Referido entendimento é louvável, pois, mitigando o rigor da Lei Processual Penal, amplia-se o leque de proteção da classe artística e estimula-se a produção de bens culturais.

Entendo, dessarte, que a prova da materialidade foi obtida com a confecção do laudo pericial de fls. 12. Do mesmo modo, não restaram dúvidas quanto à autoria do delito, tendo o réu admitido em seu interrogatório judicial que "concorda com os fatos narrados na denúncia" (fls. 42v).

Resta, pois, confirmar sua condenação, na esteira dos v. votos vencedores proferidos no julgamento de apelação, integrados pelo v. acórdão dos embargos de declaração acostado às fls. 122/124.

Em resumo, portanto, rejeito os embargos infringentes.

Mantenho a assistência judiciária gratuita já concedida (fls. 106v).

DES. FERNANDO CALDEIRA BRANT (REVISOR)

Nos termos do voto por mim proferido por ocasião do julgamento do apelo, e agora confortado com o voto do Em.

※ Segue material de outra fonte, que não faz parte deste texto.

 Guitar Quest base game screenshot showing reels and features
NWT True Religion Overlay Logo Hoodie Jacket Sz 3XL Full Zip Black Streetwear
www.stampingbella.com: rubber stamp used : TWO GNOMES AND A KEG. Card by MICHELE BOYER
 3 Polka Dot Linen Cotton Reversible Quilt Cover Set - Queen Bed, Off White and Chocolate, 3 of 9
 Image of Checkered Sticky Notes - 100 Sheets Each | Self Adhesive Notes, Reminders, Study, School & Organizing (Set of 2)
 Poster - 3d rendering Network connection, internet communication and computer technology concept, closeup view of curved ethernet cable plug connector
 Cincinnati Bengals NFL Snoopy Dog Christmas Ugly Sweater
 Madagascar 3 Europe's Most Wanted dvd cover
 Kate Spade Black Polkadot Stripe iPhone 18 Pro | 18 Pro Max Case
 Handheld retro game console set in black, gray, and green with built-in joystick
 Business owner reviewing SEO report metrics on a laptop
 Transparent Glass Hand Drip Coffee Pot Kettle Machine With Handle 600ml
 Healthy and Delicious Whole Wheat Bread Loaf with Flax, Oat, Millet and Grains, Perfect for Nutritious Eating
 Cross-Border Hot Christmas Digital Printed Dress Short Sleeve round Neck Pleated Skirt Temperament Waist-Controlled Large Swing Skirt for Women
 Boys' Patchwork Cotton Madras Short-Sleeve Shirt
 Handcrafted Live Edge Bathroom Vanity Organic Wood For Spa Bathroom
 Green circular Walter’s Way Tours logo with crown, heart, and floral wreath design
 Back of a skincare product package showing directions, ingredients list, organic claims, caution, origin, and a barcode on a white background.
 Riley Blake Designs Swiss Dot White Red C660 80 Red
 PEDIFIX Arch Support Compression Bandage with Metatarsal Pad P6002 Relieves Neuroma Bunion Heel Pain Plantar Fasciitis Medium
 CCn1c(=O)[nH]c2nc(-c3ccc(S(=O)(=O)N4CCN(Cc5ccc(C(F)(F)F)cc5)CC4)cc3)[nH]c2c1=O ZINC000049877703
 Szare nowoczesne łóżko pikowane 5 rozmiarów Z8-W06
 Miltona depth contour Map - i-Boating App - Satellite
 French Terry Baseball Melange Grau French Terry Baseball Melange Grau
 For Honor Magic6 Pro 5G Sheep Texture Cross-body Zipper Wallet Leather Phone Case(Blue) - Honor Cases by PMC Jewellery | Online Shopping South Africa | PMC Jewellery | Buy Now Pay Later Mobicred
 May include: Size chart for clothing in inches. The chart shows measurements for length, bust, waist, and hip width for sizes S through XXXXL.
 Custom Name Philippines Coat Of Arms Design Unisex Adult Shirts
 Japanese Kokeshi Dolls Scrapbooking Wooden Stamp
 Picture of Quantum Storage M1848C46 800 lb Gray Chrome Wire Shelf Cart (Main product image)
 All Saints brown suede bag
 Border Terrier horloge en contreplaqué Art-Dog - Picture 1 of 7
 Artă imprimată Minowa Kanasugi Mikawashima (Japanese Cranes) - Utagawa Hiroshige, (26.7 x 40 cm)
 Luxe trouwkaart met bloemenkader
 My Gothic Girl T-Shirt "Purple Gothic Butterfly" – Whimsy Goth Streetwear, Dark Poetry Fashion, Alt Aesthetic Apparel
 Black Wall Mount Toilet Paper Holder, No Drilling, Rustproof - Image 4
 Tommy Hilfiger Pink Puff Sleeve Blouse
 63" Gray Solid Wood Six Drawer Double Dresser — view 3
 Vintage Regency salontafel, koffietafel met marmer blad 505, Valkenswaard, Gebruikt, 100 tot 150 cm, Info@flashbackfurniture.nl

Relator, também rejeitos os presentes infringentes.



DES. JÚLIO CEZAR GUTTIERREZ - De acordo com o (a) Relator (a).

DES. DOORGAL ANDRADA - De acordo com o (a) Relator (a).

DES. CORRÊA CAMARGO

Peço venia ao em. Des. Relator, para divergir de seu judicioso voto e ACOLHER OS PRESENTES EMBARGOS, mantendo o posicionamento por mim exarado quando do julgamento do recurso primevo, ocasião em que confirmei a absolvição do réu, porquanto não comprovada a materialidade da infração a ele imputada.





SÚMULA: "REJEITARAM OS EMBARGOS INFRINGENTES, VENCIDO O DES. 3º VOGAL."